А ожидаемого из Мадрида «дугласа» пока не было, как не было и сведений о его прибытии. Несмотря на военную обстановку в Испании, мы все же пока числились атташе и немного думали об ожидающем нас этикете. С помощью энергичного Бяллера мы заказали в магазине «Старая Англия» положенные по штату костюмы. Девушка, говорившая по-русски, любезно обслуживала нас и обещала чуть ли не в тот же день сделать первую примерку, а при небольшой дополнительной оплате к вечеру следующего дня сдать нам готовые костюмы. Мы заказали даже полосатые брюки и приобрели модные шляпы, которые нам никогда не пригодились. В Москве я советовался относительно военной формы, решили, что в ближайшее время она едва ли потребуется. А к тому времени, когда дело дойдет до официальных обедов и приемов, военный костюм можно будет заказать там или выслать. В Париже было решено запастись только гражданской одеждой.

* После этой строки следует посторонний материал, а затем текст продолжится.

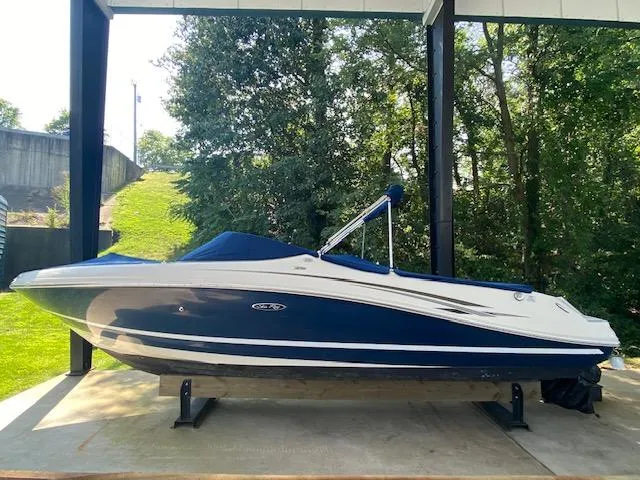 The Image of 2010 Sea Ray 230 Select boat with blue and white exterior, docked under a canopy. - 0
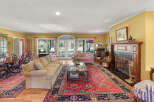 Step into this elegant living room featuring a grand piano and a cozy fireplace, perfect for entertaining.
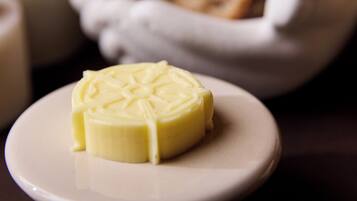 Eine Nahaufnahme einer Butterplatte mit einem Butterklotz auf einem weißen Teller, einer Brotschale und einer kleinen Schale mit einer Soße.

Уже дважды назначался день возможного вылета, но испанский самолет все не прилетал. Я освоился и сам просматривал французские газеты в поисках новых сведений из Испании. Приобрел учебник испанского языка и небольшой словарь.

Времени было достаточно, и мы с Б. Ф. Свешниковым успели осмотреть некоторые достопримечательности города. Поднялись на Эйфелеву башню, осмотрели Триумфальную арку, побывали на Могиле неизвестного солдата. Видели Дом инвалидов, где похоронен Наполеон, побывали в Национальном музее.

В эти дни в Париж прилетел известный летчик А. В. Юмашев. Он готовился к перелету через Северный полюс, и какие-то формальности с рекордами привели его в столицу Франции. В воскресный день Бяллер организовал для нас экскурсию в Лувр – не воспользоваться этим было бы непростительно.

В Париже у меня произошла встреча и первое знакомство с А. А. Игнатьевым. Он тогда собирался вернуться в Советский Союз, а пока занимался выполнением отдельных поручений торгпредства. Познакомил нас Бяллер. Алексей Алексеевич очень торопился; в руках у него был портфель. Оказывается, в портфеле бывшего царского военного атташе в Париже лежали куклы, да, куклы, одну из которых он показал нам. Он их собирался показать какой-то фирме. Сначала я не придал этой встрече значения, и, только когда мы расстались, Бяллер более подробно рассказал об этом человеке. Возможно, этот эпизод не запомнился бы, но через три-четыре года судьба снова свела меня с А. А. Игнатьевым. На одном из приемов в Москве он подошел ко мне и по-военному представился: «Генерал-лейтенант Игнатьев». Он уже был в Советском Союзе и вскоре прославился своей книгой «50 лет в строю». Близко я с ним знаком не был, но изредка мы встречались.

Вернувшись вечером в гостиницу, мы узнали, что испанский самолет наконец прилетел и готов захватить нас, если мы не претендуем на большие удобства. Мы, конечно, дали согласие и приступили к сборам. Все мысли с этого момента были сосредоточены на Испании.